### EXERCISE INSTRUCTIONS:
An acceptable answer repeats exactly the line containing "this 600×450 image." and all lines that follow it in the listing below, and it includes no pictures.

[INFORMATION PROVIDED Boundary: Start]

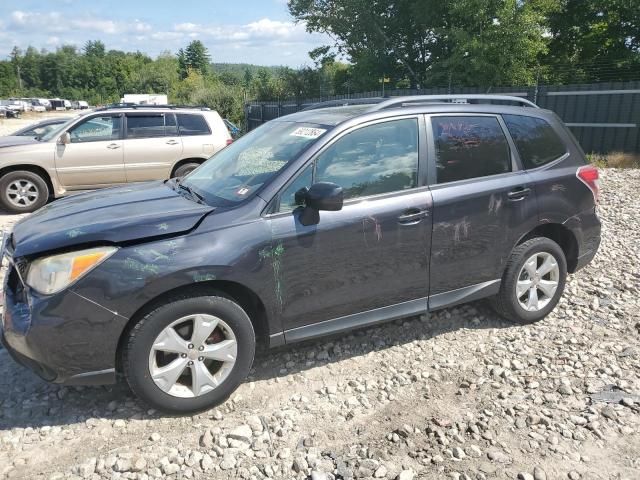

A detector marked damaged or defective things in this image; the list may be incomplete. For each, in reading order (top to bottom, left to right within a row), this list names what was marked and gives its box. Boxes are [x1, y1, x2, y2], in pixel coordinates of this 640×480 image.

cracked headlight [26, 246, 117, 294]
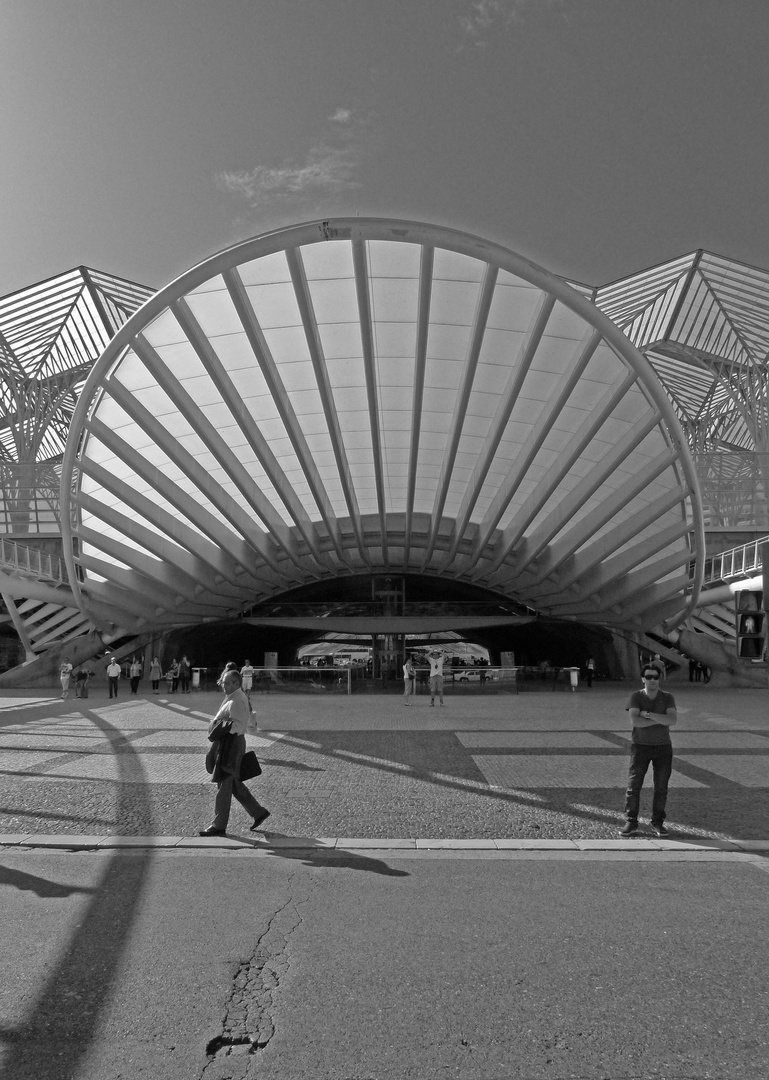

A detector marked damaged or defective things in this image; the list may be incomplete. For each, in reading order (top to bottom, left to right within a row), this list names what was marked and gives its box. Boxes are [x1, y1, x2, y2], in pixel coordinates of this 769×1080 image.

cracked asphalt [1, 688, 768, 1072]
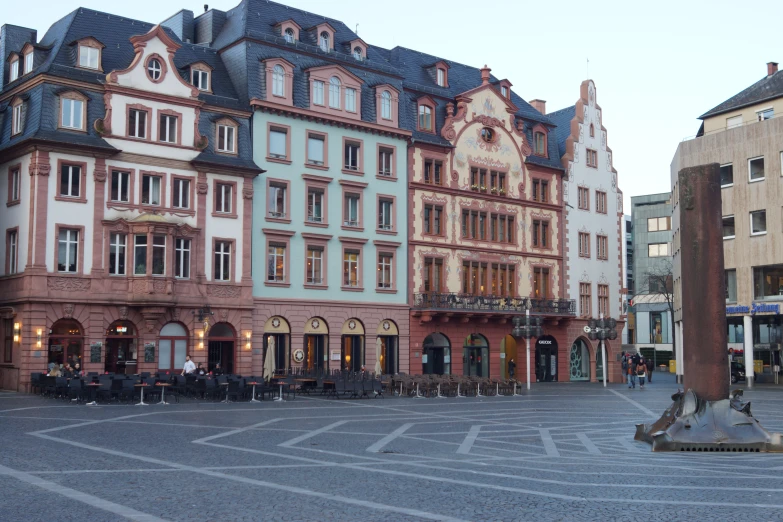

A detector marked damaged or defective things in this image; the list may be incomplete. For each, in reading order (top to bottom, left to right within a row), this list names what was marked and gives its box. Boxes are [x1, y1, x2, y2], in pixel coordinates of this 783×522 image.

rusted metal column [680, 165, 728, 400]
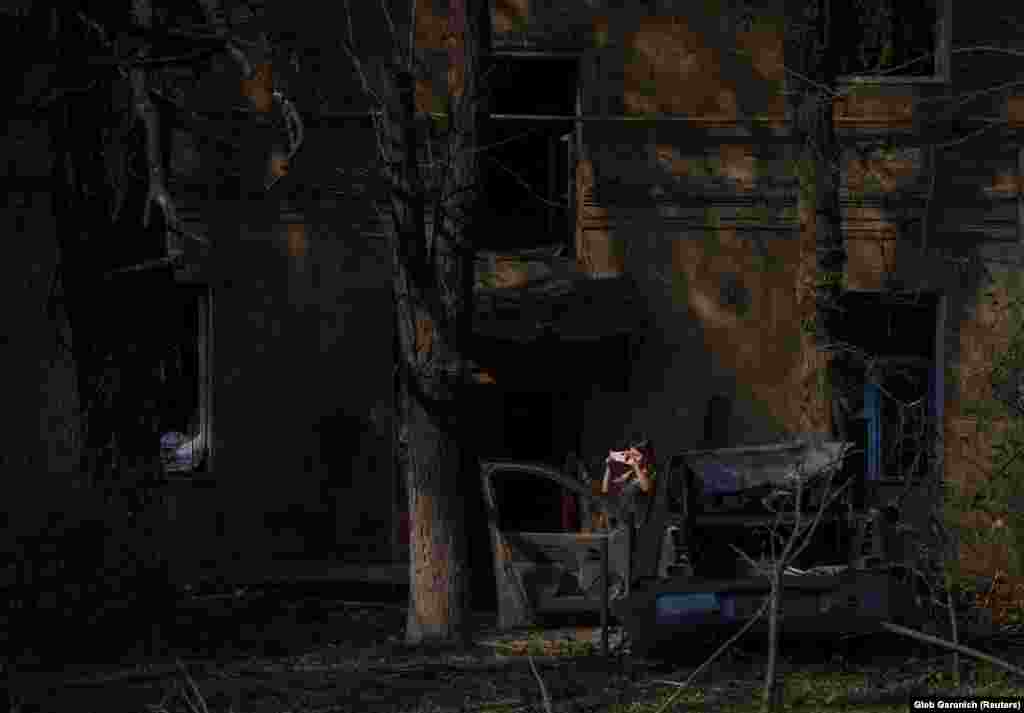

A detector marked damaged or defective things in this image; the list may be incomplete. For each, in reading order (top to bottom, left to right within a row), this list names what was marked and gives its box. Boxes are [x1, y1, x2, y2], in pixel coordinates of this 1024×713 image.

broken window [836, 0, 948, 82]
broken window [480, 54, 576, 252]
broken window [155, 284, 211, 472]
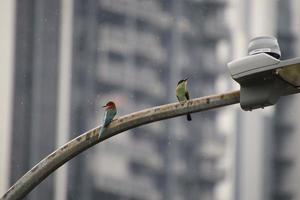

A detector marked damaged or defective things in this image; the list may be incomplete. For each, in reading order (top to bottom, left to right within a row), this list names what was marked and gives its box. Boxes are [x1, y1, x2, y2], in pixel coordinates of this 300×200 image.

rust stain on pole [0, 91, 239, 200]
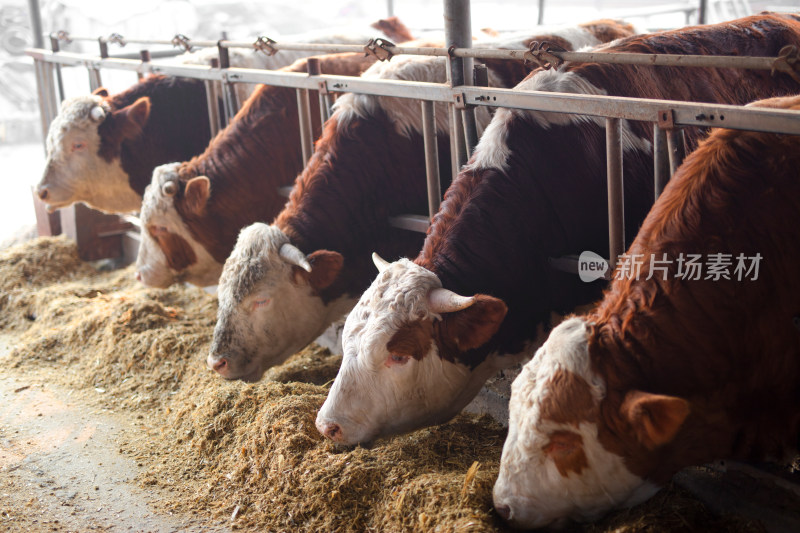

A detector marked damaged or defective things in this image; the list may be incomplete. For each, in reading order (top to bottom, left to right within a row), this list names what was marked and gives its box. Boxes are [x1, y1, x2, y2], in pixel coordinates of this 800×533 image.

rusty metal bracket [170, 33, 192, 52]
rusty metal bracket [258, 36, 282, 55]
rusty metal bracket [366, 37, 396, 61]
rusty metal bracket [524, 41, 568, 70]
rusty metal bracket [768, 44, 800, 82]
rusty metal bracket [450, 92, 468, 109]
rusty metal bracket [656, 108, 676, 129]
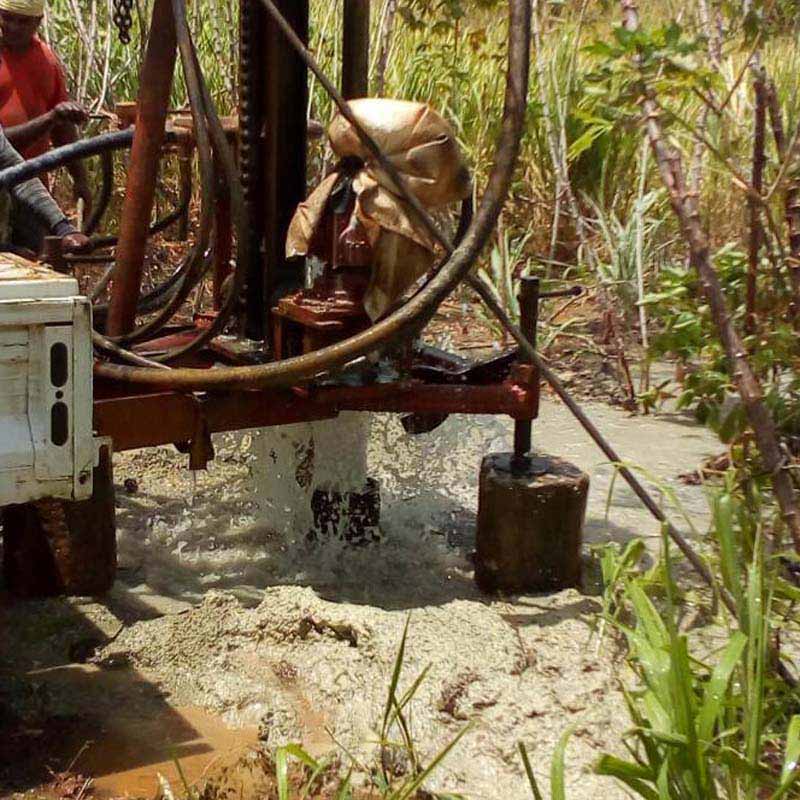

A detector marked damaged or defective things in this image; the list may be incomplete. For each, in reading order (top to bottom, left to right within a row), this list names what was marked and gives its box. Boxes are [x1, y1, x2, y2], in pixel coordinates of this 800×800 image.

rusty equipment [0, 0, 552, 600]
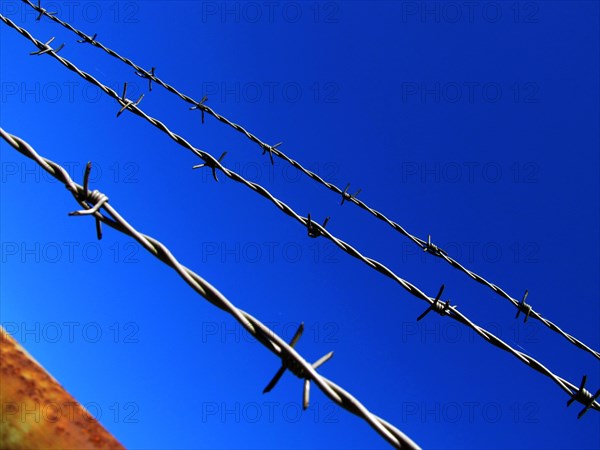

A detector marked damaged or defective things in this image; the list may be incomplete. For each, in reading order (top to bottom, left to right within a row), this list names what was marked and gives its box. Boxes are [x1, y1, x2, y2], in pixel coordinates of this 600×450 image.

rusty metal surface [0, 326, 124, 450]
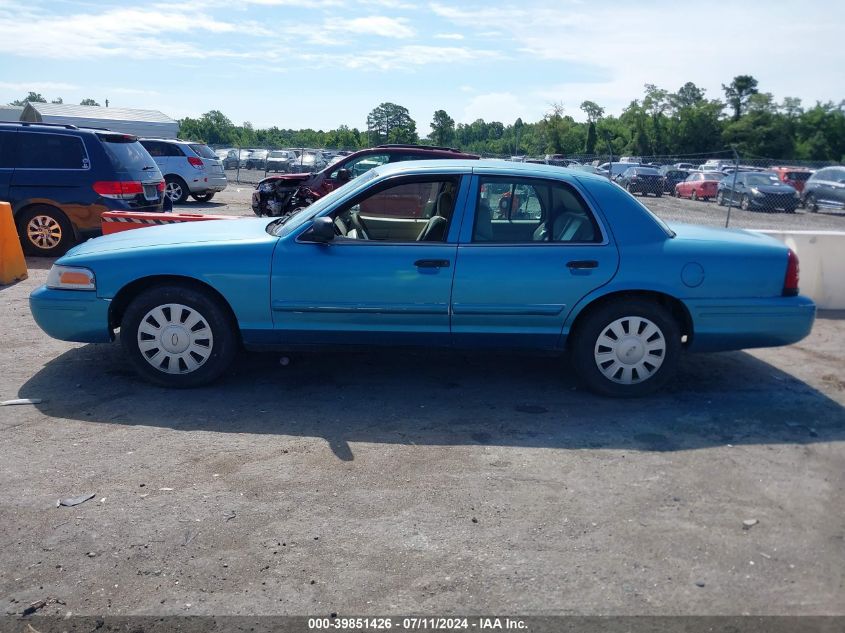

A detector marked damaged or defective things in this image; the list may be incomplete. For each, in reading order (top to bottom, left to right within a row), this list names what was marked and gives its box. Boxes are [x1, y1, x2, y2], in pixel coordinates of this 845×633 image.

maroon damaged car [251, 144, 478, 217]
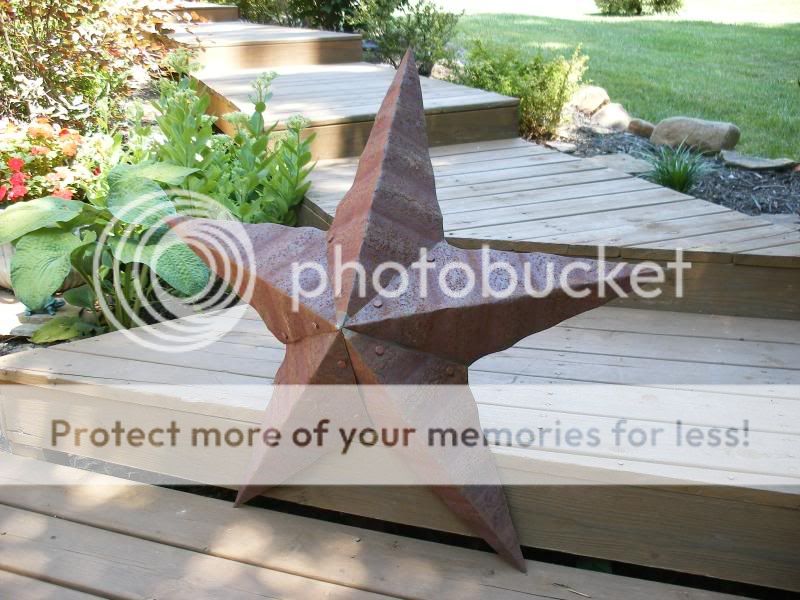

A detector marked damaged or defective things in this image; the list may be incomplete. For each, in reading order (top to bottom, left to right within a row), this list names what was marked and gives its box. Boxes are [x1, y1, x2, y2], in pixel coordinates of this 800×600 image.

rusted metal star [172, 49, 636, 568]
rusty metal surface [172, 49, 636, 568]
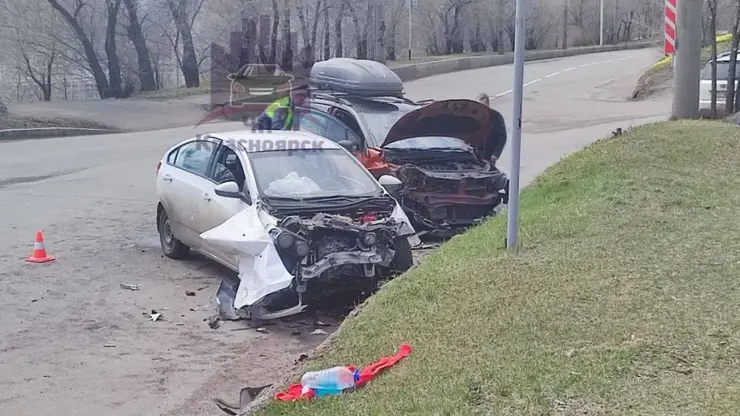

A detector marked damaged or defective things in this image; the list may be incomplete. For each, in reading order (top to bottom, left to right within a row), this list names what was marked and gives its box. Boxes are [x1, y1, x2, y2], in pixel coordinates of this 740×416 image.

[INFORMATION PROVIDED Boundary: End]

### FINISHED TASK:
A detector marked damaged or defective things in this image; the list may be incomplete. For each, in reading order (top to bottom, left to right within a row), this list names what was marked and gives its box. Boxes are [x1, y1, x2, y2], in pixel coordinates of this 600×450 image.

rusty metal surface [0, 326, 124, 450]

A detector marked damaged or defective things in this image; the list may be incomplete. For each, in reading order (top to bottom, left to right within a row), this list names what was marked and gives its box. Boxes are [x1, y1, x2, y2], in pixel coordinates of this 845×633 image.

maroon damaged car [251, 144, 478, 217]

A detector marked damaged or defective things in this image; the list may be incomplete. For each, in reading order (top to bottom, left to right within a row), this list names what was marked and gives its box. Boxes are [x1, y1, x2, y2], in pixel coordinates of this 800×600 image.

rusted metal star [172, 49, 636, 568]
rusty metal surface [172, 49, 636, 568]

A detector marked damaged or defective things in this image; the list may be incomplete. For each, in reading order (top to bottom, left to right within a row), this list names what was marked and gives its box. Boxes are [x1, y1, x2, y2], in pixel coordinates of this 740×416 image.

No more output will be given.